Politik
„Sechser-Tisch“: Erneute Kandidatur von Erdoğan unzulässig
Die türkische Opposition wirft dem Präsidenten vor, mit seiner erneuten Kandidatur Recht zu brechen. Der reagiert gelassen.
In der gemeinsamen Erklärung des aus sechs Parteien bestehenden Bündnisses von Donnerstagabend ist von einem „weiteren schwarzen Kapitel in der Geschichte unserer Demokratie“ die Rede. Das Bündnis will bei der für Mai geplanten Wahl gegen Recep Tayyip Erdoğan einen gemeinsamen Kandidaten aufstellen. Die Entscheidung, wer das sein wird, soll nächsten Monat verkündet werden.
Der 68 Jahre alte Erdoğan hatte vergangene Woche angekündigt, vorgezogene Präsidentschafts- und Parlamentswahlen am 14. Mai zu veranlassen. Dies kann der Verfassung zufolge entweder mit 60 Prozent der Abgeordnetenstimmen im Parlament oder per Dekret durch den Präsidenten geschehen. Die Opposition argumentiert, dass Erdoğan – der 2014 zum ersten Mal und 2018 zum zweiten Mal zum Präsidenten gewählt wurde – laut Verfassung nur dann ein drittes Mal kandidieren darf, wenn das Parlament Neuwahlen erzwingt.

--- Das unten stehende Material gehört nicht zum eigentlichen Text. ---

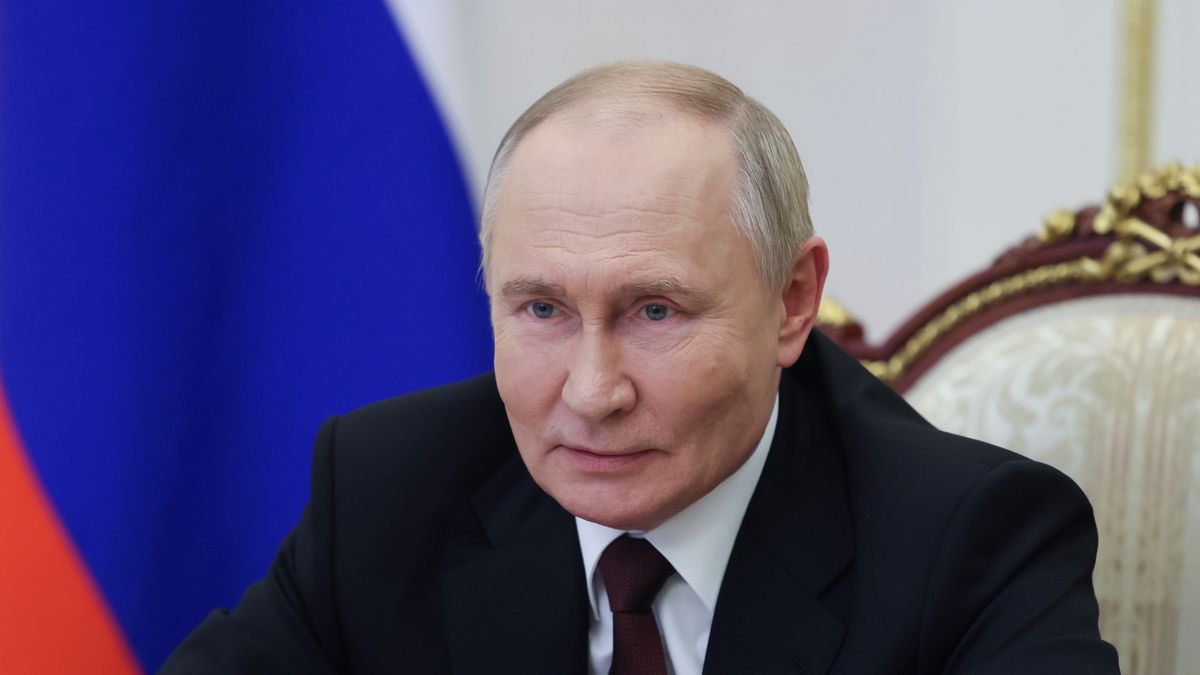 Russian President Vladimir Putin congratulates workers of the agro-industrial and processing industry on their professional holiday, the Agricultural and Processing Industry Workers' Day, at the Kremlin in Moscow, Russia, 13 October 2024. The Agriculutral and Processing Industry Workers' Day is celebrated annually on the second Sunday of October. EPA/MKHAIL METZEL / SPUTNIK / KREMLIN POOL / POOL Dostawca: PAP/EPA.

Erdoğans Argument: Mit dem neuen System gab es einen Neustart
Im Parlament verfügt die regierende AKP von Erdoğan mit ihrem ultranationalistischen Partner MHP jedoch nur über eine einfache Mehrheit – könnte also ohne die Opposition keine Neuwahl beschließen. Nach Ansicht der Regierung steht der Kandidatur jedoch nichts im Weg. Erdoğan sei 2018 nach einer Verfassungsänderung als erster Präsident in einem neuen Präsidialsystem gewählt worden – seine vorherige Amtszeit zähle also nicht. Verfassungsrechtler sind geteilter Meinung, ob eine erneute Kandidatur möglich ist oder nicht.
Als mögliche Gegenkandidaten gelten der Parteichef der stärksten Oppositionspartei CHP, Kemal Kılıçdaroğlu, der Istanbuler Bürgermeister Ekrem İmamoğlu und der Bürgermeister von Ankara, Mansur Yavaş (beide ebenfalls CHP). Auch Meral Akşener (İyi Parti) wird gehandelt. Erdoğan kritisierte das Bündnis scharf und rief es zum wiederholten Male auf, endlich bekanntzugeben, wer kandidieren werde.
Beobachter gehen davon aus, dass die Wahlen auf Mai gelegt werden, um sie nicht in den Fastenmonat Ramadan oder die Ferien fallen zu lassen – aber auch, damit „Wahlgeschenke“ wie etwa die Verdopplung des Mindestlohns oder die Neuregelung des Renteneintrittsalters vor dem Hintergrund der starken Inflation nicht verfliegen.